Bruce Bradley spent 34 years with Landmark Communications. He is the former publisher of The Virginian-Pilot and one-time president of Landmark's publishing division. He currently serves on the boards of the Chesapeake Bay Foundation, the Hampton Roads Community Foundation and ACCESS College Foundation. He is also on the Gordon-Connell Theological Seminary's Board of Trustees and Old Dominion University's Board of Visitors.

Carole Tarrant

Carole Tarrant is the former editor of The Roanoke Times and served on the Associated Press Managing Editors national board. After leading the Roanoke newsroom during the Virginia Tech shootings, she was recognized with a Mimi Award from the Dart Center for Trauma and Investigative Journalism. She started her journalism career as an intern at The Daily Press in Newport News and today administers Virginia’s largest “free college” program at Virginia Western Community College.

Katrice Hardy

Hardy, a Baton Rouge, La.-native, is South Region editor for Gannett. She previously served as managing editor of The Virginian-Pilot based in Norfolk, Virginia, where she worked for two decades. During her time in Norfolk, Hardy has served roles on the watchdog and enterprise beats, as well as metro editing positions. Under her leadership, the newspaper won several state and national honors, including state FOIA and Virginia Press Association awards. Other recognition came from the Mayborn Literary Nonfiction Writers Conference and the National Education Writers Association.

Michael Morisy

Morisy is co-founder and chief executive of MuckRock, a collaborative, nonprofit news site focused on bringing transparency to government. Morisy was previously an editor at the Boston Globe, where he launched the paper's technology vertical. He was a 2014-15 John S. Knight Journalism Fellow at Stanford University and a 2012-13 Edmond J. Safra Center for Ethics Network Fellow at Harvard University. He graduated in 2007 from Cornell University with a degree in English.

Larry “Bud” Meyer

A career editor, newsman and nonprofit leader, he is co-founder and chair of Foothills Forum, a community news organization in Rappahannock County, Va. Bud served as vice president and secretary at the Knight Foundation for 14 years. He spent the previous two decades in Florida print journalism, including 14 years at The Miami Herald as an editor and member of the executive team. A strategic communications consultant for foundations and nonprofits, Bud is also founder of Morningside Press and author of the award-winning environmental novel Mother Fracker.



Academic advisory board

Battinto Batts: Walter Cronkite School of Journalism and Mass Communication atArizona State University

Battinto L. Batts Jr. is the dean, a professor and an award-winning journalist and educator with deep experience in philanthropy and nonprofit administration. He recently served as director of journalism strategies for the Scripps Howard Foundation in Cincinnati, Ohio. Batts holds a doctorate in higher education management from Hampton University, a master’s degree in media management from Norfolk State University and a bachelor’s degree in mass communications from Virginia Commonwealth University.
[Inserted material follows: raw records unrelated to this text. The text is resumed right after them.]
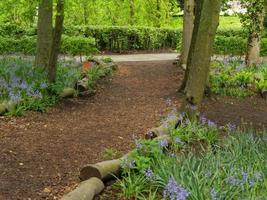 jardim e litoral perto de newcastle na inglaterra foto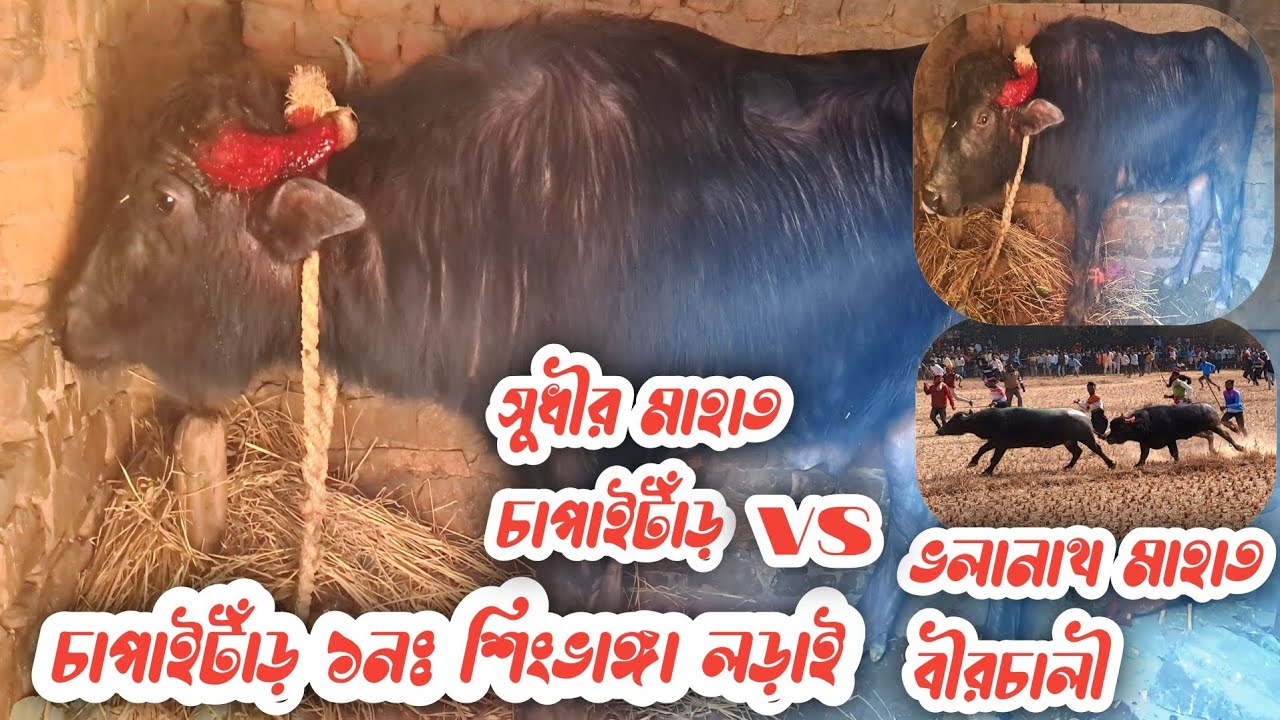 চাপাইটাঁড় ১নঃশীংভাঙ্গা কাড়ালড়াই/সুধির মাহাত বনাম ভলানাথ মাহাত ১নঃ কাড়ালড়াই চাপাইটাঁড়/1NoLarai 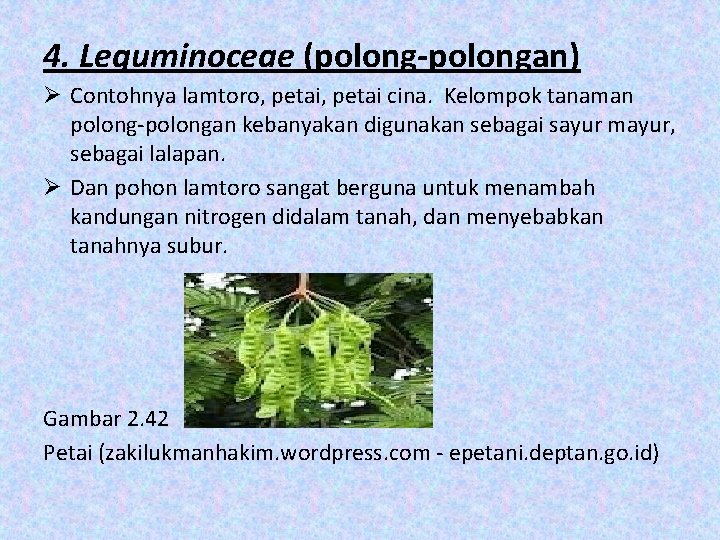 4. Leguminoceae (polong-polongan) Ø Contohnya lamtoro, petai cina. Kelompok tanaman polong-polongan kebanyakan digunakan sebagai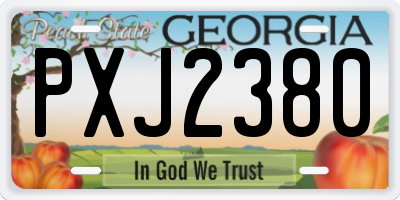 GA license plate PXJ2380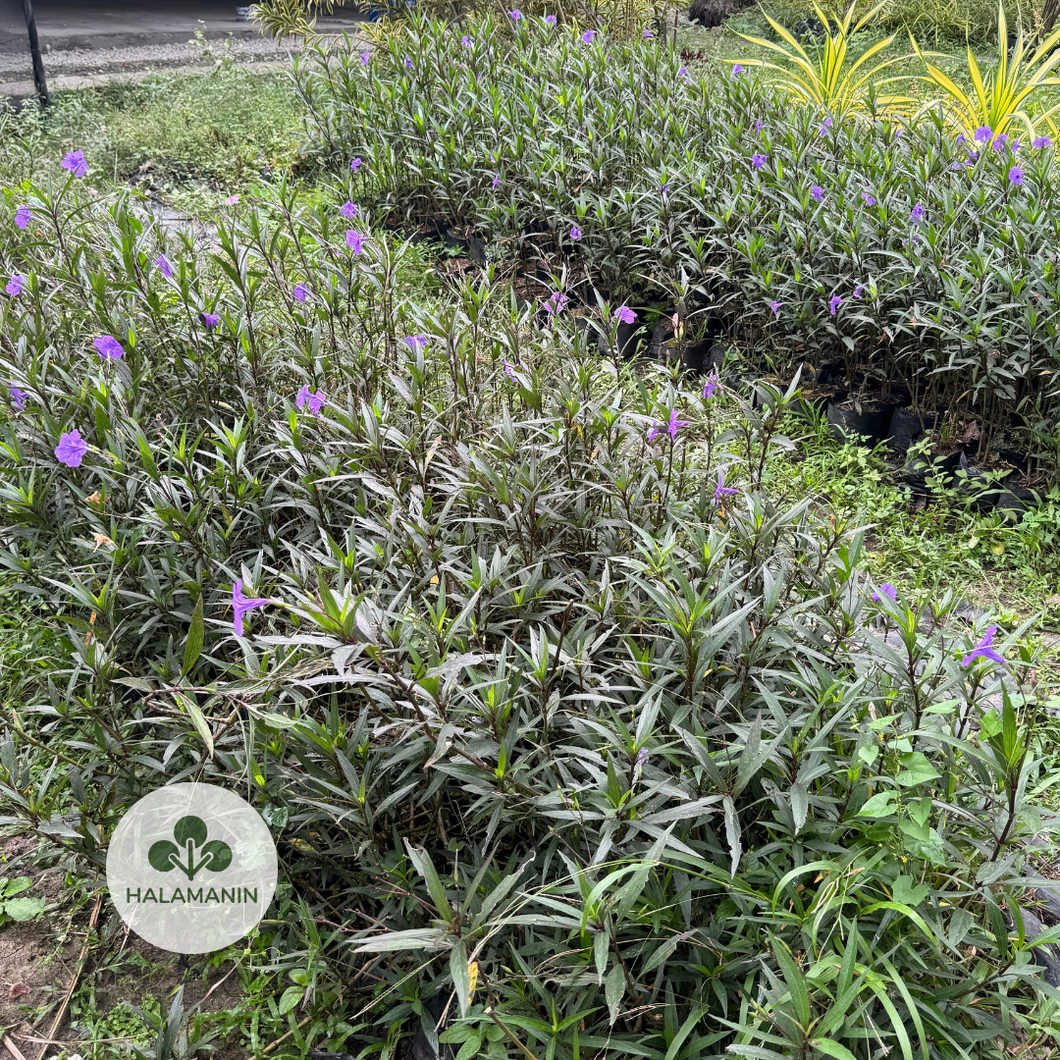 Ruellia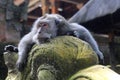 Monkey relaxing on a statue at the Sacred Monkey F Royalty Free Stock Photo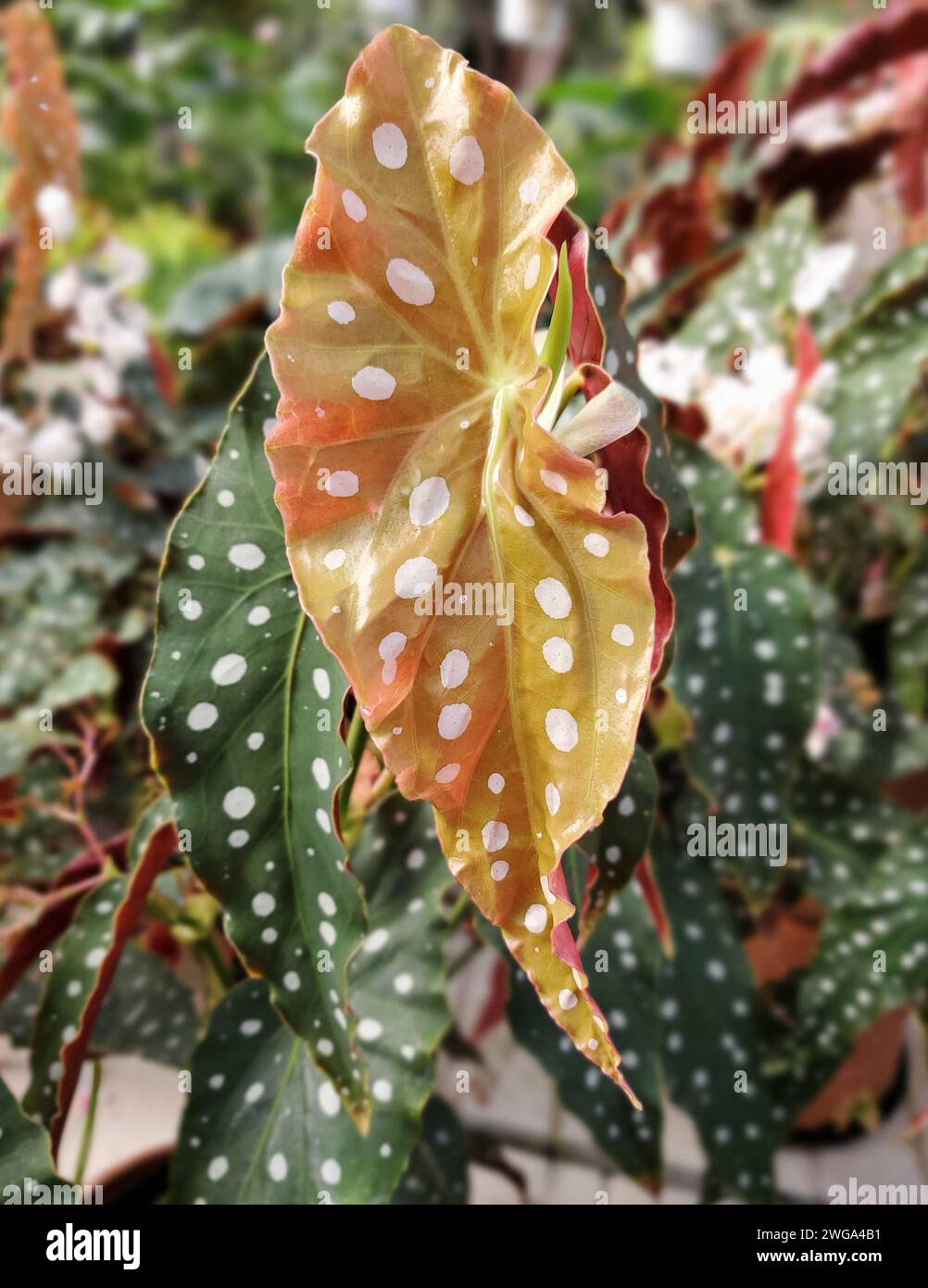Nahaufnahme eines roten Blattes von Polka Dot Begonia, auch bekannt als Begonia maculata Stockfoto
William (Bill) Kovarik: Radford University

William (Bill) Kovarik, PhD, teaches science journalism, media history, media law, digital imaging and environmental history at Radford University. His research is located at the intersection of history, communications and the environment. Kovarik’s background as a professional journalist has involved reporting positions with The Associated Press, The Baltimore Sun, The Post and Courier in Charleston, S.C. and with columnist Jack Anderson. Kovarik has also served on the board of Appalachian Voices and as an academic representative on the board of directors of the Society of Environmental Journalists.

Toni Locy: Washington and Lee University

Toni Locy is a professor of journalism and mass communications at Washington and Lee University. She joined the journalism faculty in 2008 after working as a reporter for some of the nation’s biggest and best news organizations. In 2008 a federal judge in Washington held her in contempt of court for refusing to identify sources for stories she wrote for USA Today about the FBI’s investigation into 2001’s anthrax attack. During a 25-year career in news, Locy covered federal courts for the Washington Post, Philadelphia Daily News and Pittsburgh Press.

Gwyneth Mellinger: James Madison University

Gwyneth Mellinger was the director of the School of Media Arts & Design at James Madison University since 2016. Her media history research focuses on the democratic paradox, with a particular focus on racial inequity, and the journalist’s ethical struggle against self-interest. Her book, Chasing Newsroom Diversity: From Jim Crow to Affirmative Action, received Kappa Tau Alpha’s 2013 Frank Luther Mott Book Award. Mellinger was a journalist for 16 years, working at newspapers in Kansas, before her academic career. She taught previously at Xavier University in Cincinnati, Ohio, and Baker University in Baldwin City, Kan. Her doctorate in American Studies is from the University of Kansas.

Tom Mullen: University of Richmond

Tom Mullen is the director of Public Affairs Journalism at the University of Richmond.  Mullen began his career in journalism by walking into the newsroom at the Kingsport Times-News in Kingsport, TN, to cover the night police beat when he was 19 and refusing to leave for good until he was compelled to graduate from college. He has worked as a reporter, copy editor, assignment editor, night editor, weekend editor, assistant metro editor and photographer at daily and weekly newspapers including the Amelia Bulletin-Monitor, The Newport News Times-Herald, The Richmond News Leader and the Richmond Times-Dispatch.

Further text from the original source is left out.